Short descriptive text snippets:
------

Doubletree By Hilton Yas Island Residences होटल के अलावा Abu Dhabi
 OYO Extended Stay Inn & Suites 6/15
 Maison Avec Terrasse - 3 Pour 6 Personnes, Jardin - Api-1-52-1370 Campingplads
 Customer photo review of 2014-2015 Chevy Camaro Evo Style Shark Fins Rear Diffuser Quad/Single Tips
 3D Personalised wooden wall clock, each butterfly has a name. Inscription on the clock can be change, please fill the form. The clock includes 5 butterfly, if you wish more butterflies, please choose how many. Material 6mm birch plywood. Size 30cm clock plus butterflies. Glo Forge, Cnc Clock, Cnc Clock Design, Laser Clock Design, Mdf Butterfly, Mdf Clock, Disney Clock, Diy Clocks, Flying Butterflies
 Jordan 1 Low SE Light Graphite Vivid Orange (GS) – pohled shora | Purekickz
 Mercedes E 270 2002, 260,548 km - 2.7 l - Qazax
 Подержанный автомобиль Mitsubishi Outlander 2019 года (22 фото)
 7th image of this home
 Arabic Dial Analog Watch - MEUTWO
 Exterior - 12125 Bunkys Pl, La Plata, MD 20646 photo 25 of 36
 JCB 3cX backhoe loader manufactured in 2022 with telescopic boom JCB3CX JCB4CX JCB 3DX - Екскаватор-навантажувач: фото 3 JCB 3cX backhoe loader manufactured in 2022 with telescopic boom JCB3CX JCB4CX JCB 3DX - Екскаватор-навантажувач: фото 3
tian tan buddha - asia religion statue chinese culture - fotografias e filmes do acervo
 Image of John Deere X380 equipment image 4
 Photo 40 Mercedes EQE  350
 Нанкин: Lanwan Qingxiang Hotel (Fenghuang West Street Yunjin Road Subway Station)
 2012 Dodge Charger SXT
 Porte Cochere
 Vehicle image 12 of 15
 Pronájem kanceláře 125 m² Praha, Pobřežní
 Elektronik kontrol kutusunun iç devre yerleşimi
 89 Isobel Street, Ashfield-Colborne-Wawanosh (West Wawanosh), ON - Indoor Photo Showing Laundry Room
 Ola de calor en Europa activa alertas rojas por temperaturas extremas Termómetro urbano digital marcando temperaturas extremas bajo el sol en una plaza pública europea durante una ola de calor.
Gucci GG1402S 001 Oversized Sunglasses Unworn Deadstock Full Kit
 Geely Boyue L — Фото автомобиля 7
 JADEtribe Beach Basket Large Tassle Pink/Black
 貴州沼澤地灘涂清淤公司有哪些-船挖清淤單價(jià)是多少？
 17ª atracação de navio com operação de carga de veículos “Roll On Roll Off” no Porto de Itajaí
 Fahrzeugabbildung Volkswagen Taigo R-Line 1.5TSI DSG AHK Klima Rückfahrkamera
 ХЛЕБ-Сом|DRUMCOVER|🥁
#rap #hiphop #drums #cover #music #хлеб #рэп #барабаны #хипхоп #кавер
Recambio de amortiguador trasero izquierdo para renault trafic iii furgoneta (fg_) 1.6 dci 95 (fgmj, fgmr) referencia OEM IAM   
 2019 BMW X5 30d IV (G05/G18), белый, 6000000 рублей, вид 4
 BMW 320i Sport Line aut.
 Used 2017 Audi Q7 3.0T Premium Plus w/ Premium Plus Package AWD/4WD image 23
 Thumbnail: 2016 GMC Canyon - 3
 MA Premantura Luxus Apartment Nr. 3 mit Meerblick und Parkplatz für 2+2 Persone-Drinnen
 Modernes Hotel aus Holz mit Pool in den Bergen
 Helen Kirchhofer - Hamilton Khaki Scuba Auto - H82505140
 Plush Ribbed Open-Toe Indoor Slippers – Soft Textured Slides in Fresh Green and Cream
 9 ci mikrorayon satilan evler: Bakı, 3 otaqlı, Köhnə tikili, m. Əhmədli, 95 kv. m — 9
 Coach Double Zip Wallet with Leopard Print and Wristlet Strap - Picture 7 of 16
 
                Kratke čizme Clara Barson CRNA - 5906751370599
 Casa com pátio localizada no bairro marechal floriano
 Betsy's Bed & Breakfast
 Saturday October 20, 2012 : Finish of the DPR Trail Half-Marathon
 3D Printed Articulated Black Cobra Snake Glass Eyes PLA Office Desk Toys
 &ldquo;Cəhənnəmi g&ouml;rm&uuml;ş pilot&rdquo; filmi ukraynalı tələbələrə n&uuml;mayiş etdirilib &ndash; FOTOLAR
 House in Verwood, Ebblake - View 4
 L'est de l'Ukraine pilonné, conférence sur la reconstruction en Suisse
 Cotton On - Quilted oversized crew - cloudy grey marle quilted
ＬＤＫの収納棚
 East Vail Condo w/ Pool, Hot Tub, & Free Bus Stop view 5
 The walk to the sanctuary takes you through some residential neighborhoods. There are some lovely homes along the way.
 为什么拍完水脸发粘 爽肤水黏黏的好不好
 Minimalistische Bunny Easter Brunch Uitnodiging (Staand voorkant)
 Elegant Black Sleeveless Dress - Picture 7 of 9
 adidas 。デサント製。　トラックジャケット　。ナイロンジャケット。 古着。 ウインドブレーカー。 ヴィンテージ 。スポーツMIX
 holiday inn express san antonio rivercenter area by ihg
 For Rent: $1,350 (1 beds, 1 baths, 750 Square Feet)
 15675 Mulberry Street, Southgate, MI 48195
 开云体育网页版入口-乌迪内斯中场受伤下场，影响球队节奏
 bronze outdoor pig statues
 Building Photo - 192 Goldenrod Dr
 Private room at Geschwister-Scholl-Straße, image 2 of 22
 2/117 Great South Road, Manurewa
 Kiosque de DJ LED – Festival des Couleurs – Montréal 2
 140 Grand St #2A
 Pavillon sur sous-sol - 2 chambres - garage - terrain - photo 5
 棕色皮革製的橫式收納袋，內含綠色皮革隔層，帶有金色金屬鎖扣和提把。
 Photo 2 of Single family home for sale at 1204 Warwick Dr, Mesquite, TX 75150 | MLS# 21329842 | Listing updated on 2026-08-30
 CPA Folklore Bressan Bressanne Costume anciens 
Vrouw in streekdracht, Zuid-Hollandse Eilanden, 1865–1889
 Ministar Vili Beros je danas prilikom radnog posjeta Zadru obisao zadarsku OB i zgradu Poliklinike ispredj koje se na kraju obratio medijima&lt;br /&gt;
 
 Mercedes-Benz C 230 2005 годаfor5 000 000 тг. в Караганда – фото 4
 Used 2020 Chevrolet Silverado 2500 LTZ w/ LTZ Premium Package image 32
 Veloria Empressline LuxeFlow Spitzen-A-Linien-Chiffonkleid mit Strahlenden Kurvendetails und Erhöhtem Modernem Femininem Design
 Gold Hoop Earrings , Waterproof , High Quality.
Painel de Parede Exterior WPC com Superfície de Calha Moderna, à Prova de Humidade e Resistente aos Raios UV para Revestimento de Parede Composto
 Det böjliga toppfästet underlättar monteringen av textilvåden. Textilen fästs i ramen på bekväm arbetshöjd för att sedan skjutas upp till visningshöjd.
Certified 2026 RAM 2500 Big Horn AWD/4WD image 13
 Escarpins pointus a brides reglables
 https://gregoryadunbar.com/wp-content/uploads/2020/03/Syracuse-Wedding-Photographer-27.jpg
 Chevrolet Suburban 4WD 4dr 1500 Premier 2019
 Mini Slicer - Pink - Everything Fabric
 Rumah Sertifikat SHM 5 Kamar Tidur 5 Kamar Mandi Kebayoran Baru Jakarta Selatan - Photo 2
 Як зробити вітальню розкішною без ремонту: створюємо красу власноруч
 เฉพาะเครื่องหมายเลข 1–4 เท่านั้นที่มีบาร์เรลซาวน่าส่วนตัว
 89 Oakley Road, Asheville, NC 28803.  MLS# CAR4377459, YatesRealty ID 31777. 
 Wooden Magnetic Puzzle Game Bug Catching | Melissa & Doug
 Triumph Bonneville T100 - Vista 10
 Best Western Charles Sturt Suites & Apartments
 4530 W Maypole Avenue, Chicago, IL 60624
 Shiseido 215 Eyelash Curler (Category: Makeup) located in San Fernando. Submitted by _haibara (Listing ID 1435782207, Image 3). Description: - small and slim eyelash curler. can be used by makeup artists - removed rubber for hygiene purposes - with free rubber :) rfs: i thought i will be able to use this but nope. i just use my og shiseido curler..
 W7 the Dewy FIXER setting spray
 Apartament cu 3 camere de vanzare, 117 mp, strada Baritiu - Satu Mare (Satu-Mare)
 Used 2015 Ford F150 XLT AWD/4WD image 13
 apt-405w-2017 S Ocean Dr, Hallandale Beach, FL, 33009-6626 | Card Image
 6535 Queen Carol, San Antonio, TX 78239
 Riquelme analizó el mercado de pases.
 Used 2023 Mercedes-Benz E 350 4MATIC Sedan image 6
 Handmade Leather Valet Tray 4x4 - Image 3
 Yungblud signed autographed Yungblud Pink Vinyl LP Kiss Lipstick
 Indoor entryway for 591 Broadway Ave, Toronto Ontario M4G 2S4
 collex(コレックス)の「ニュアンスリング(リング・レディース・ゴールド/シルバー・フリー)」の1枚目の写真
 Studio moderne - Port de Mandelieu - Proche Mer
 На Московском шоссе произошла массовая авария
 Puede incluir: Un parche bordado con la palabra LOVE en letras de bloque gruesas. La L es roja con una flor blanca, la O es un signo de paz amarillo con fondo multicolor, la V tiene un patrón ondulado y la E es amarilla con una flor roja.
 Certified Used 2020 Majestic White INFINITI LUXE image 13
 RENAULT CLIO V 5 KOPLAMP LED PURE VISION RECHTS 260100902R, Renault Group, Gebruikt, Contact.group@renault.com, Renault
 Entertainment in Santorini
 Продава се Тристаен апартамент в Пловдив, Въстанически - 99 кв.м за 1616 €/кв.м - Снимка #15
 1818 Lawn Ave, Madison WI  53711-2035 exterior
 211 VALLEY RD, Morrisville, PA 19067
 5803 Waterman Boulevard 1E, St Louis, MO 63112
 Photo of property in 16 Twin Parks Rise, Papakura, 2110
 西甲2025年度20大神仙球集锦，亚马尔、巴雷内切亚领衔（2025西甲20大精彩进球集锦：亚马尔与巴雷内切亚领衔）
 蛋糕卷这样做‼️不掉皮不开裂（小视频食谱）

------

**Work required**
Wherever the string "Premium" appears in the records above, copy the line it sits in.

**Written answer**
 Used 2017 Audi Q7 3.0T Premium Plus w/ Premium Plus Package AWD/4WD image 23
 Used 2020 Chevrolet Silverado 2500 LTZ w/ LTZ Premium Package image 32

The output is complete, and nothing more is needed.